Crawled caption data
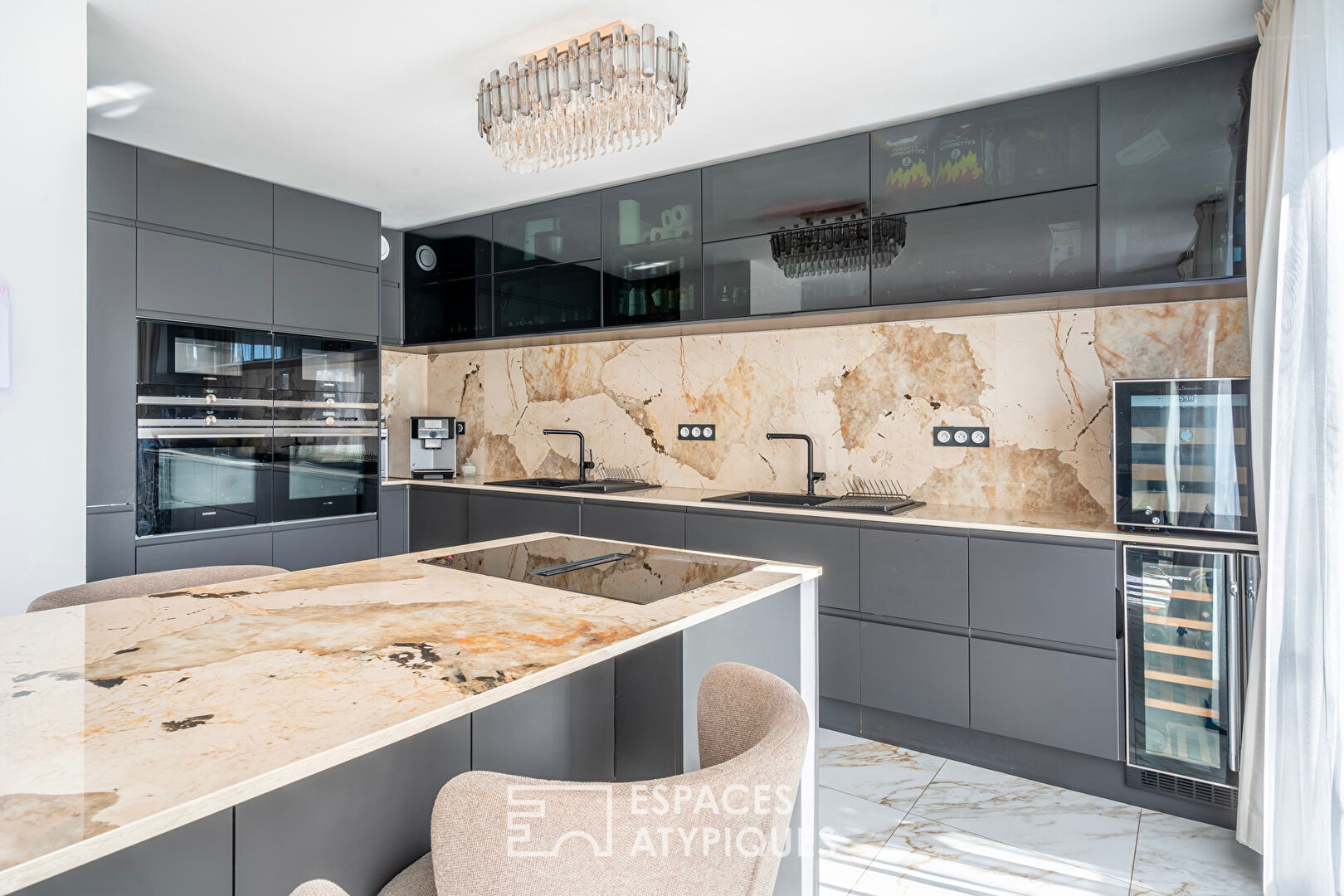 Sculptural Penthouse at the Gates of Paris, Between Sky and Elegance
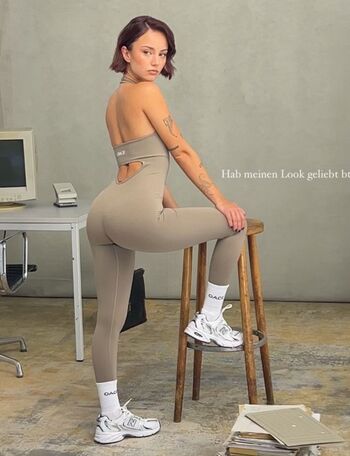 Hannah caroline lindner image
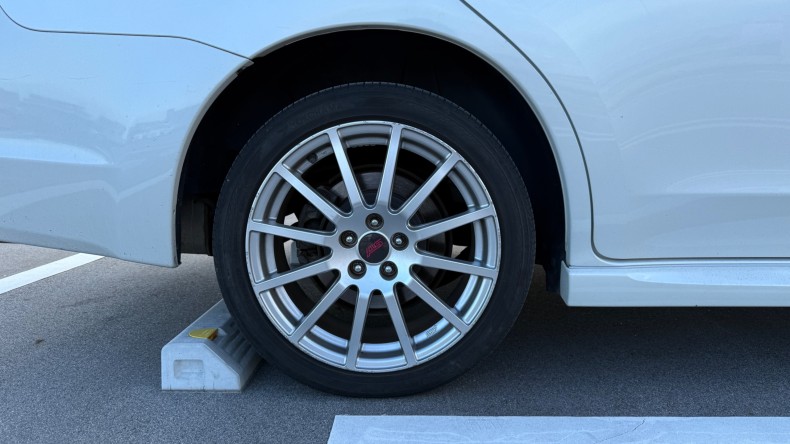 タイヤホイール後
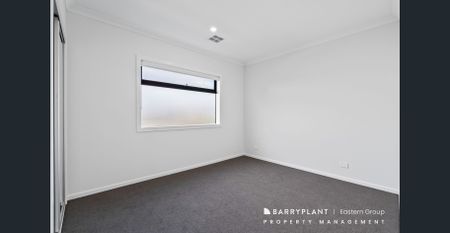Contemporary Family Living in a Prime Bulleen Location - Photo 2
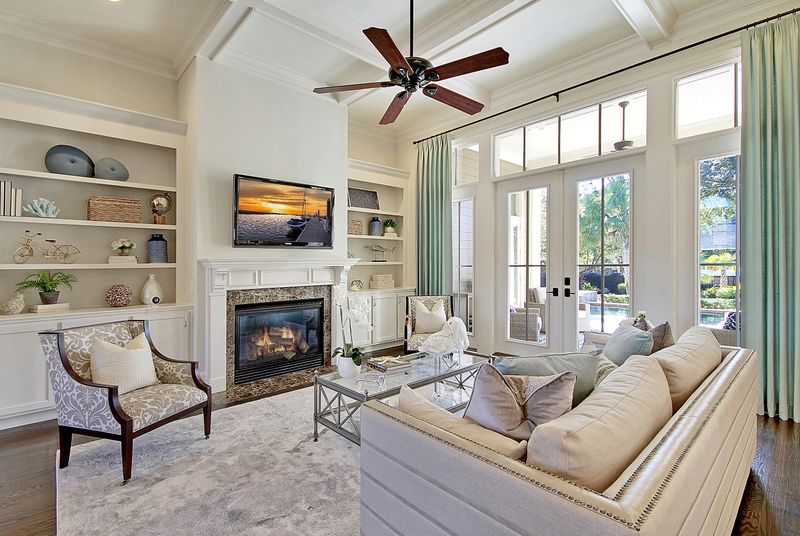 323 Gunboat Ln, Daniel Island, SC 29492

EXERCISE OBJECTIVE
Word-for-word output of every record is needed, with images omitted.

FINISHED EXERCISE
 Sculptural Penthouse at the Gates of Paris, Between Sky and Elegance
 Hannah caroline lindner image
 タイヤホイール後
Contemporary Family Living in a Prime Bulleen Location - Photo 2
 323 Gunboat Ln, Daniel Island, SC 29492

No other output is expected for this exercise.